Department of Homeland Security Secretary Jeh Johnson announced Tuesday the formation of an inter-agency group to address the wave of thousands of unaccompanied children coming illegally into the United States over the past eight months that has resulted in what the administration describes as a “humanitarian crisis.”

FILE - This March 18, 2014 file photo shows Homeland Security Secretary Jeh Johnson speaking in Washington. Reviewing the U.S. deportation policy, Homeland Security Secretary Jeh Johnson is said to be weighing limiting deportations of immigrants living here illegally but without serious criminal records.
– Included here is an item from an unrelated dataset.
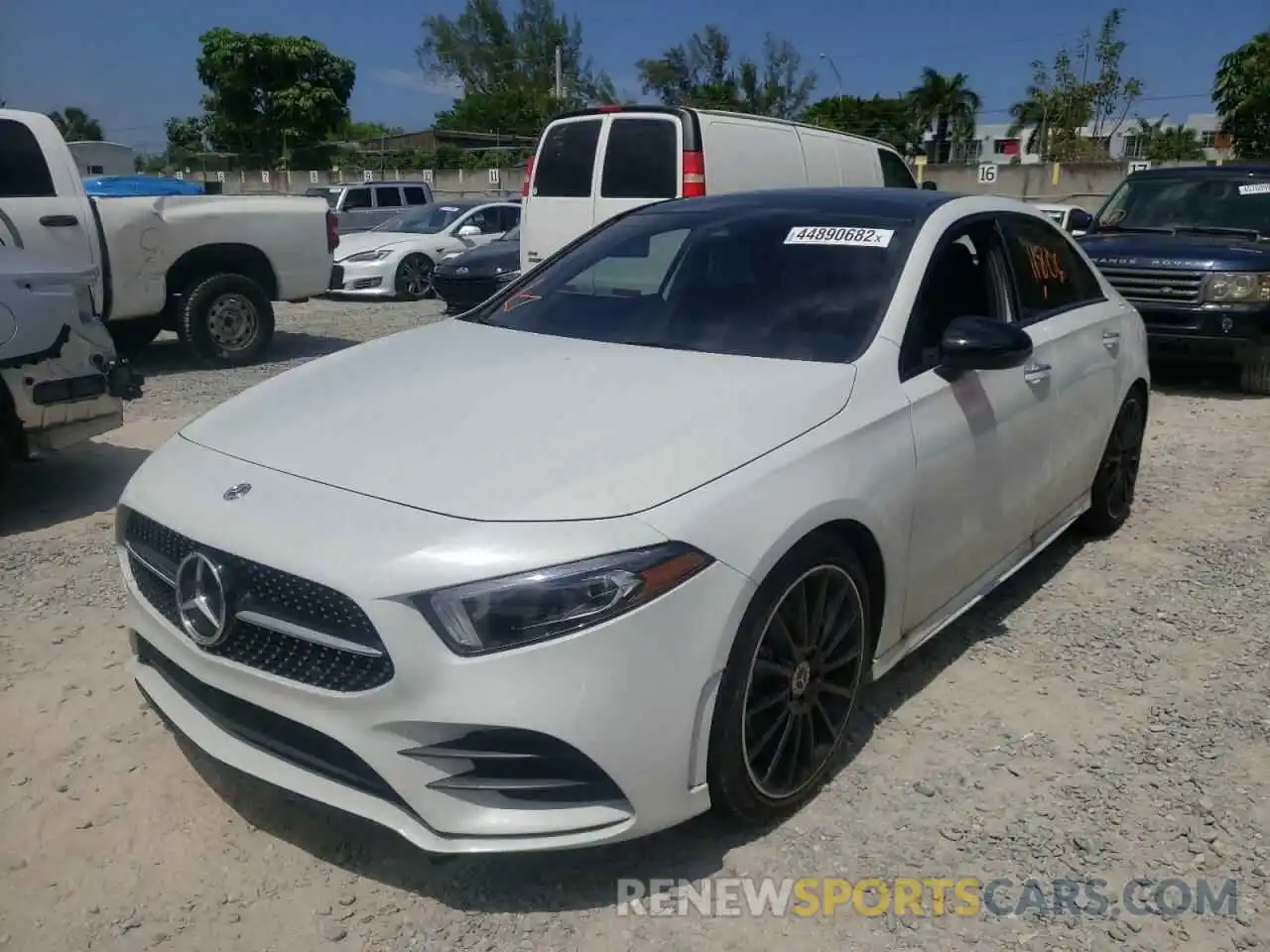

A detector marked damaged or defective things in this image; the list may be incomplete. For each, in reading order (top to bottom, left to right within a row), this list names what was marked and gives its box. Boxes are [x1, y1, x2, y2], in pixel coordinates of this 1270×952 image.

damaged white truck [0, 109, 340, 365]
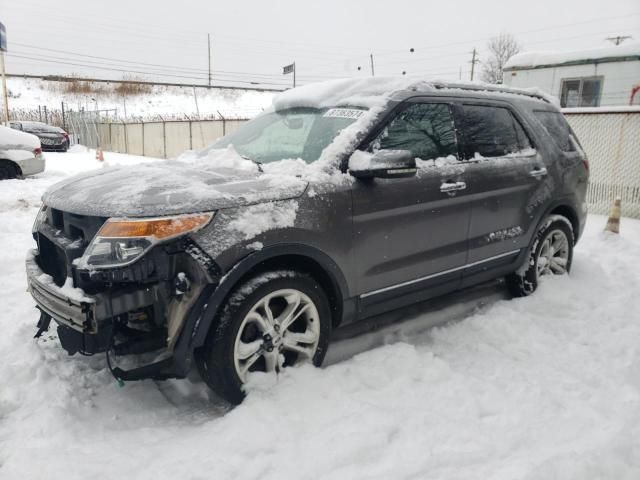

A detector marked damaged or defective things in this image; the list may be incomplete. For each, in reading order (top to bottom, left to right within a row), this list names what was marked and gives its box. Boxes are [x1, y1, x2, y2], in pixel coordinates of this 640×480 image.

The change could shield tens of thousands of immigrants now deported because of repeated violations such as disobeying a deportation order or missing a court date. (AP Photo/ Evan Vucci, File) AP Photo/ Evan Vucci, File

This March 18, 2014 file photo shows Homeland Security Secretary Jeh Johnson speaking in Washington. (AP Photo/ Evan Vucci, File)

The administration is establishing the Unified Coordination Group based on a provision of the Homeland Security Act of 2002 and that calls for the establishment of an oversight group in the case of such a crisis, Johnson said.

Johnson appointed Federal Emergency Management Agency Administrator Craig Fugate to head the group to ”ensure that federal agencies are unified in providing relief to the affected children,” he said in a statement.

U.S. Customs and Border Protection will continue to maintain primary responsibility for border security, working with U.S. Immigration and Customs Enforcement to care for unaccompanied children “when they are temporarily in DHS custody.”

“DHS will continue to coordinate closely with the Departments of Health and Human Services, State, Defense, the General Services Administration and other agencies, to ensure a coordinated and rapid government-wide response in the short-term and to undertake broader, longer-term reforms to address the root cause behind these recent migration trends,” Johnson said.

More than 47,000 children have entered the United States illegally over the past eight months, with the continuing influx overwhelming holding facilities in Texas and Arizona. More than 1,000 children will be moved to a facility in Fort Sill, Oklahoma. The other two locations housing unaccompanied children are Joint Base San Antonio in Texas and Naval Base Ventura County in California.

Members of the Senate on Tuesday proposed spending $1 billion to pay for health care services for illegal immigrant children.